Enterprise Products Partners says the energy industry will have a firmer foundation in 2017 as the gap between supply and demand narrows.
In its third quarter financial report Enterprises’ general partner CEO Jim Teague believes that the energy industry has ‘weathered the harshest part of this cycle’ as the company reported its adjusted EBITDA for the third quarter was $1,259 million compared to $1,310 million in the same period in 2015.
Its capital investments were $621 million in the third quarter and it currently has $5.6 billion of growth capital projects under construction that will begin commercial service between now and the end of 2018 including a crude oil pipeline and a natural gas processing plant.

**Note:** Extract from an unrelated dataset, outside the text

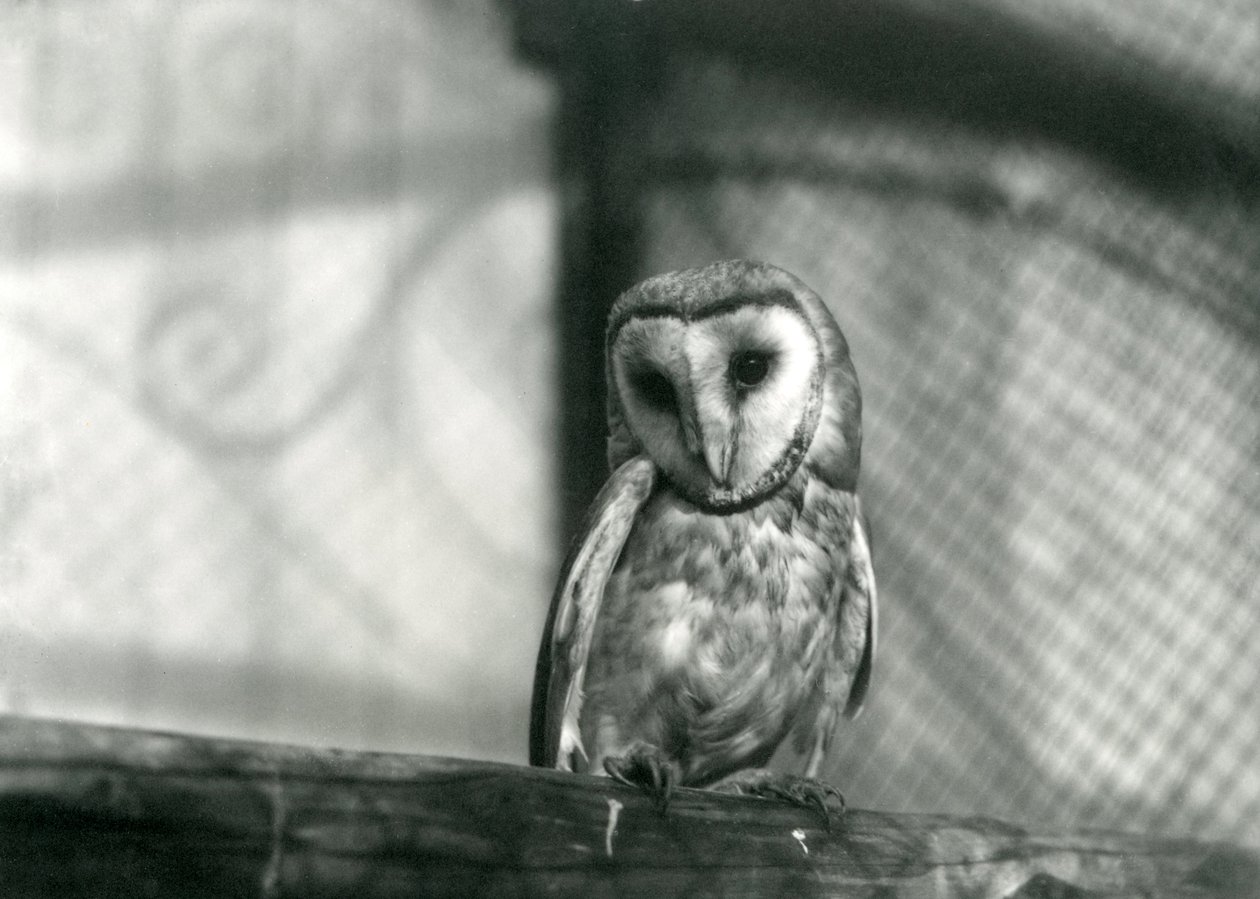 En barnugle i London Zoo, januar 1922 av Frederick William Bond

Teague says: ‘While the industry may still experience bouts of commodity price weakness and volatility, we believe it has a firmer foundation going into 2017 as the gap between supply and demand has narrowed and should continue to do so.
‘We are seeing significant ‘green shots’ of producer activity as a result of the opportunity to hedge future sales of crude, NGLs and natural gas at economic levels.
‘In additional to the acceleration of investment in the Permian Basin, we are seeing activity attributable to new discoveries, deployment of new technology, including in well-established areas such as the Eagle Ford and Haynesville, and changes in ownership of acreage as some producers emerge from restructuring.’
He adds that during the third quarter, Enterprise transported more than five million barrels per day through out liquids pipelines and handled more than 1.2 million barrels per day at its marine terminals.
A construction project at Enterprise’s EFS Midstream assets added more than nine million barrels of additional storage capacity at the ECHO, EHT and Beaumont facilities since the third quarter 2015. The new tanks contributed a $13 million increase in gross operating margin in the 2016 third quarter compared to the same quarter in 2015.